= Prospective payment system =

Health care payment model in the United States

A prospective payment system (PPS) is a term used in the United States to refer to several payment methodologies in which medical insurance reimbursement is determined in advance, using predetermined rates that are generally adjusted for factors such as case mix, geography, and facility characteristics, rather than the actual costs incurred for a specific service.

Payments are typically based on codes provided on the insurance claim such as:

- ICD-10-CM and ICD-10-PCS codes in hospital inpatient claims,
- Healthcare Common Procedure Coding System (HCPCS) and ICD-10-CM codes in hospital outpatient claims,
- Health Insurance Prospective Payment System (HIPPS) codes for post-acute care claims, and
- HCPCS codes for physician and other professional services.

==Medicare==
Medicare PPSs are split into two structural families:

- Claims driven, such as for the IPPS (acute inpatient), OPPS (hospital outpatient), LTCH PPS, and IPF PPS, and
- Assessment driven, such as for the SNF PPS, Home Health PPS, and IRF PPS.

Claims-driven systems derive payment classification primarily from ICD and CPT/HCPCS codes submitted on the claim itself; the claim is the classification input and the grouper runs on claim data. Assessment-driven systems classify patients using a separate standardized clinical assessment that generates HIPPS codes, not just the claim.

===Inpatient PPS===
The Social Security Amendments of 1983 created the inpatient prospective payment system (IPPS). Medicare's IPPS primarily pays a predetermined rate intended to cover the operating and capital costs of furnishing an acute hospital inpatient stay.

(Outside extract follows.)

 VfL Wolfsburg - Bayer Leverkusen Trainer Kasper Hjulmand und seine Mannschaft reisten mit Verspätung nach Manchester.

Medicare's IPPS payments are calculated with a base rate and adjustments for geographic wages, case mix (MS-DRGs), policy add-ons, and transfers

Under the IPPS, hospitals bill Medicare for services defined by ICD-10-CM and ICD-10-PCS codes. For each inpatient stay, the hospital's geographic-adjusted operating and capital rates are adjusted for case mix to reflect the patient's condition and expected costliness. To determine this stay-level case-mix adjustment, Medicare assigns each inpatient stay to a Medicare severity diagnosis related group (MS-DRG), which is based on patient characteristics, primarily the patient's clinical conditions and treatment strategies. Clinical conditions are defined by the principal diagnosis—the main problem requiring inpatient care—and up to 24 secondary diagnoses indicating other conditions that were present at admission (comorbidities) or developed during the hospital stay (complications). The treatment strategy—surgical or medical—is defined by the presence or absence of up to 25 procedures performed during the stay. Medicare makes extra payments for stays that are extraordinarily costly. Medicare's acute inpatient hospital benefit covers beneficiaries for 90 days of care per episode of illness, with a 60-day lifetime reserve.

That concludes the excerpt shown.